Exercise material:

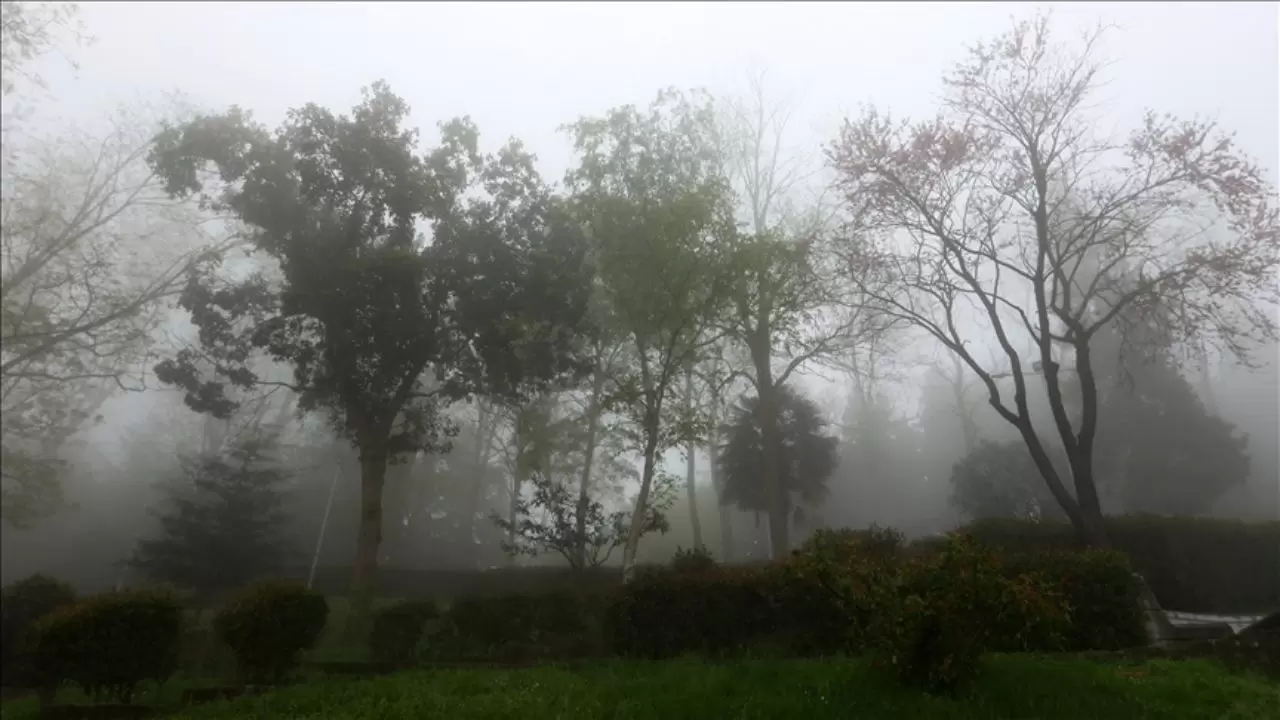 Meteoroloji uyardı: Kuvvetli rüzgar, sis ve yağış geliyor! İşte bölge bölge Hava Durumu 6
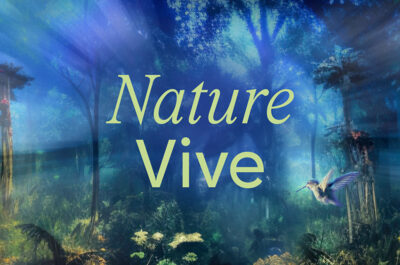 Nature vive, la nouvelle exposition d’OASIS immersion, produite et distribuée en collaboration avec National Geographic, ouvre ses portes!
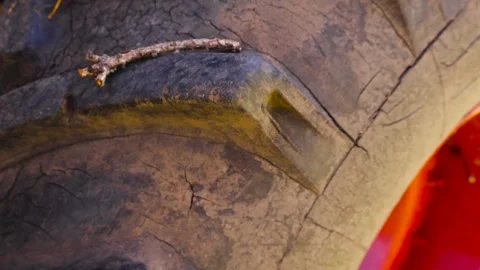 Close Up Detail of a Large Muddy Tractor Tire Tread Outdoors Stock Footage 337905681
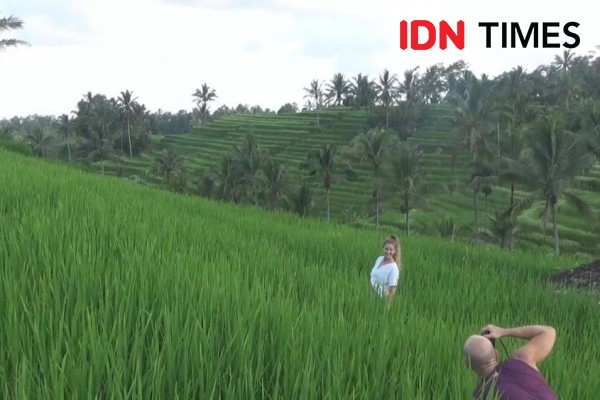 Jadi Polemik, Warisan Budaya Dunia Subak Jatiluwih Diusulkan Dicabut?
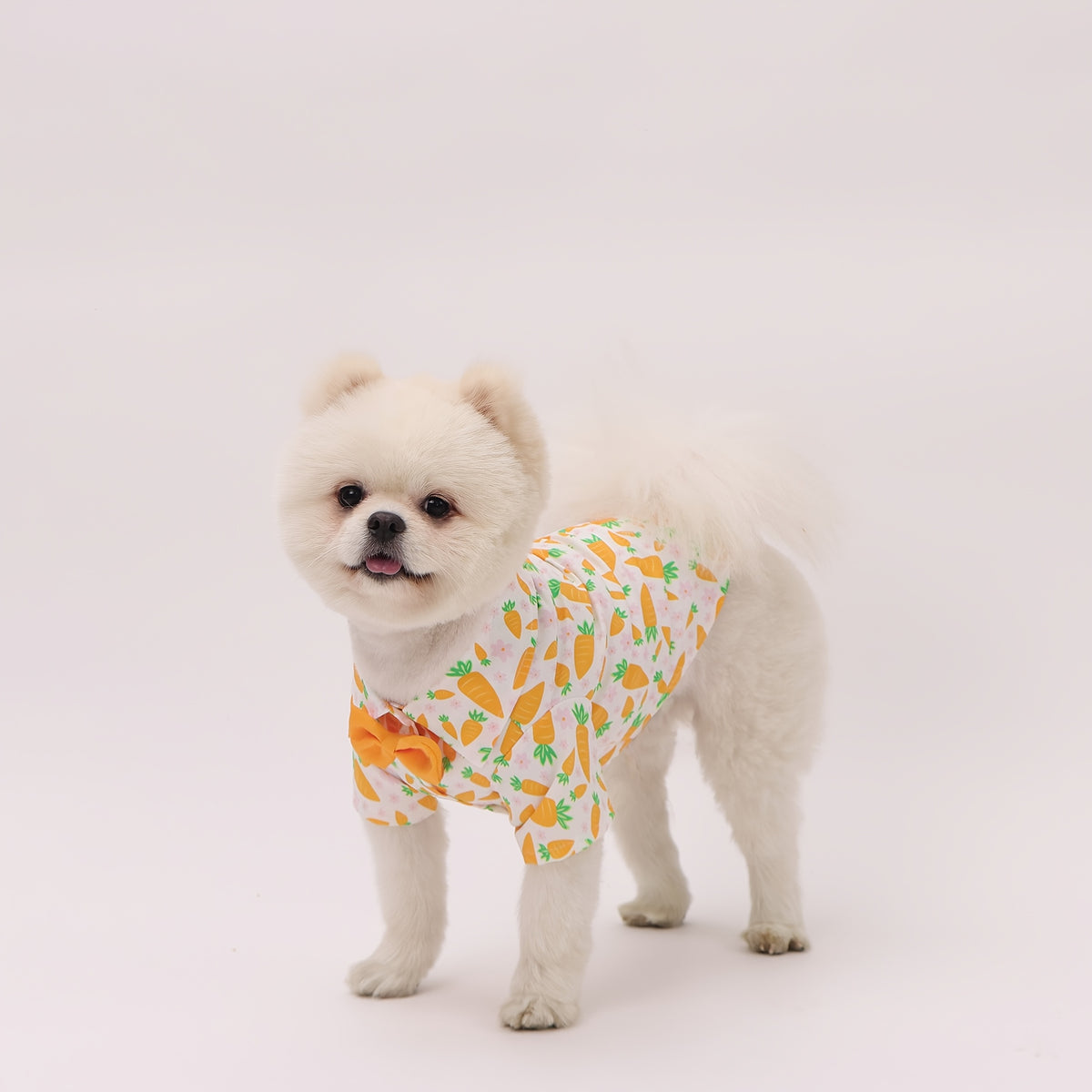 Easter Pet Shirt - Carrot Print Dog & Cat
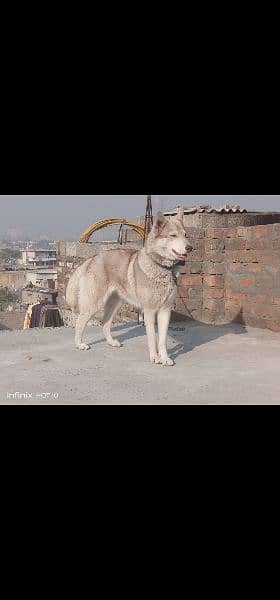 Husky female breeder 3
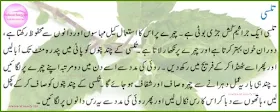 Tulsi for treating acne in urdu hindi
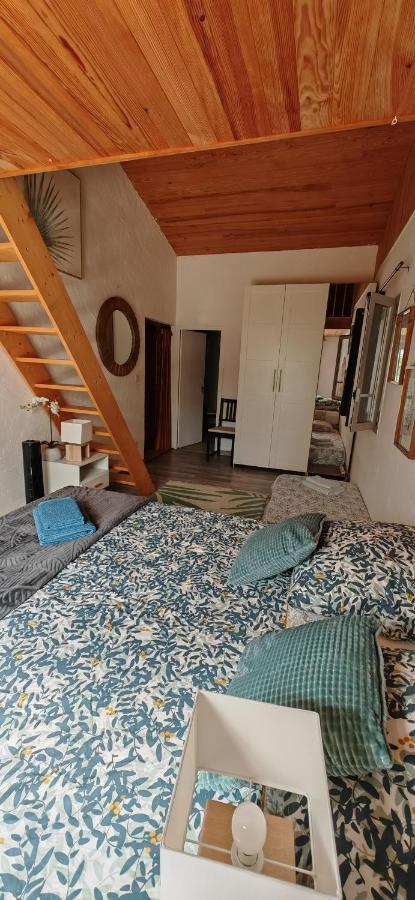 Grande Maison Carpediem, Le Calme A La Campagne Cassaignes Zewnętrze zdjęcie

Your instructions: In the records above, find the line that contains "Jadi Polemik, Warisan". Retype it and every line after it, exactly, leaving out all pictures.

Result:
 Jadi Polemik, Warisan Budaya Dunia Subak Jatiluwih Diusulkan Dicabut?
 Easter Pet Shirt - Carrot Print Dog & Cat
 Husky female breeder 3
 Tulsi for treating acne in urdu hindi
 Grande Maison Carpediem, Le Calme A La Campagne Cassaignes Zewnętrze zdjęcie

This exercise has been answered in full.